Start of MATERIAL PROVIDED

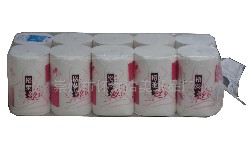 供應生活用紙　衛生紙　格萊絲中長卷筒衛生紙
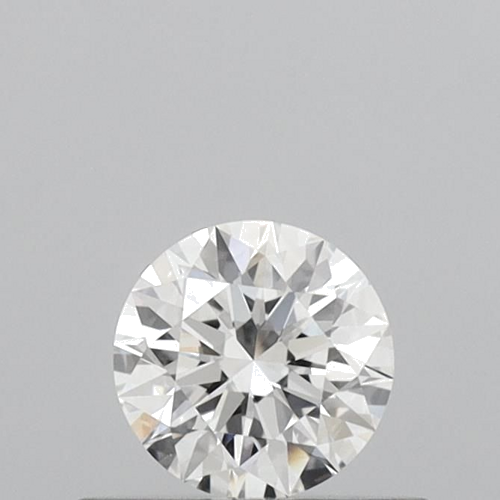 0.4 carat F-VS1 Excellent cut Natūralus Round Deimantas (1)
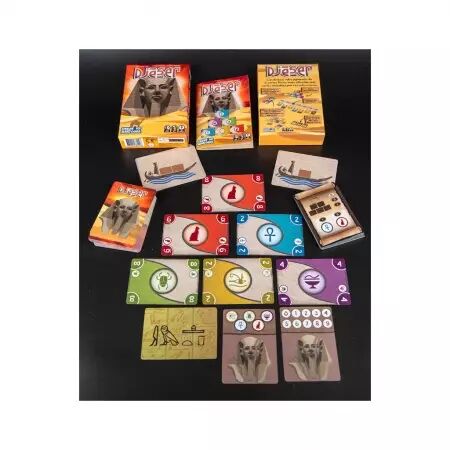 Djeser - Creative And Cool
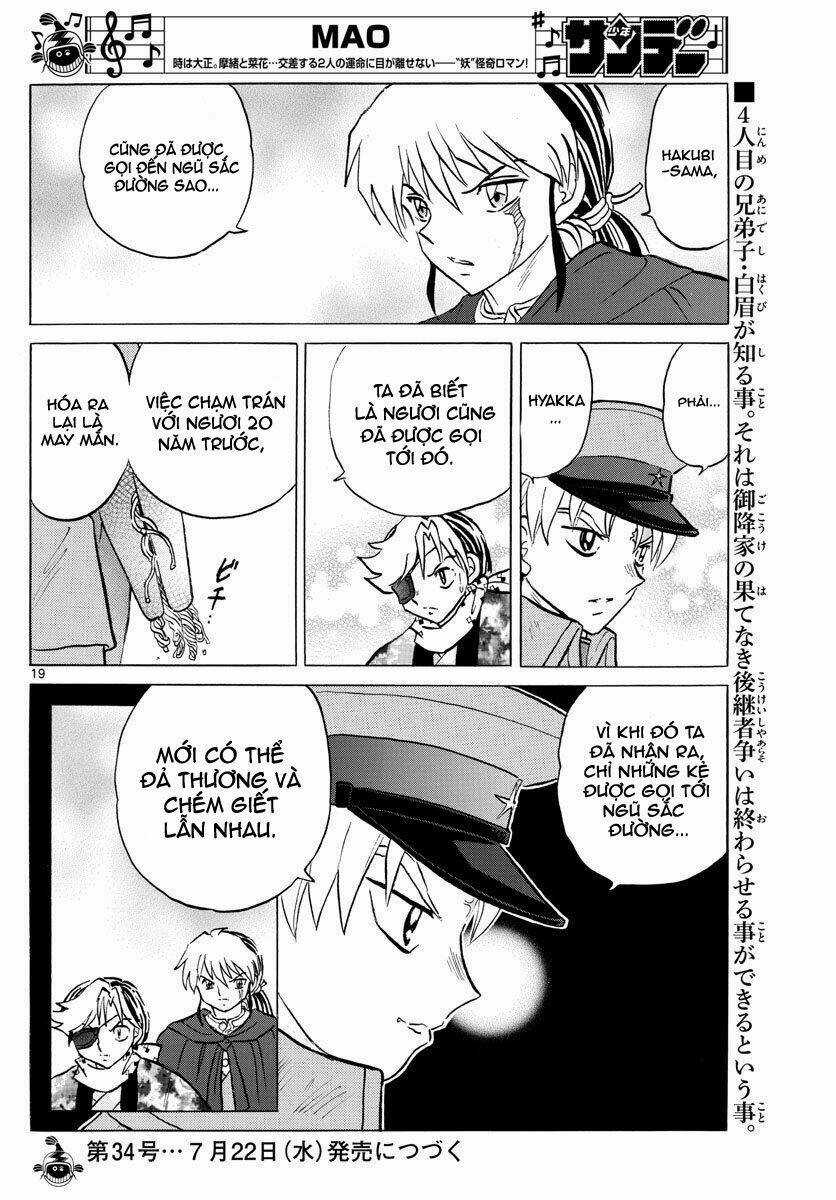 MAO - Chapter 53 - Trang 22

End of MATERIAL PROVIDED

Each line from the one containing "Djeser - Creative And Cool" through the final line of the data must be reproduced exactly, both ends included, with no pictures in the copy.

RESULT OF THIS TASK –
 Djeser - Creative And Cool
 MAO - Chapter 53 - Trang 22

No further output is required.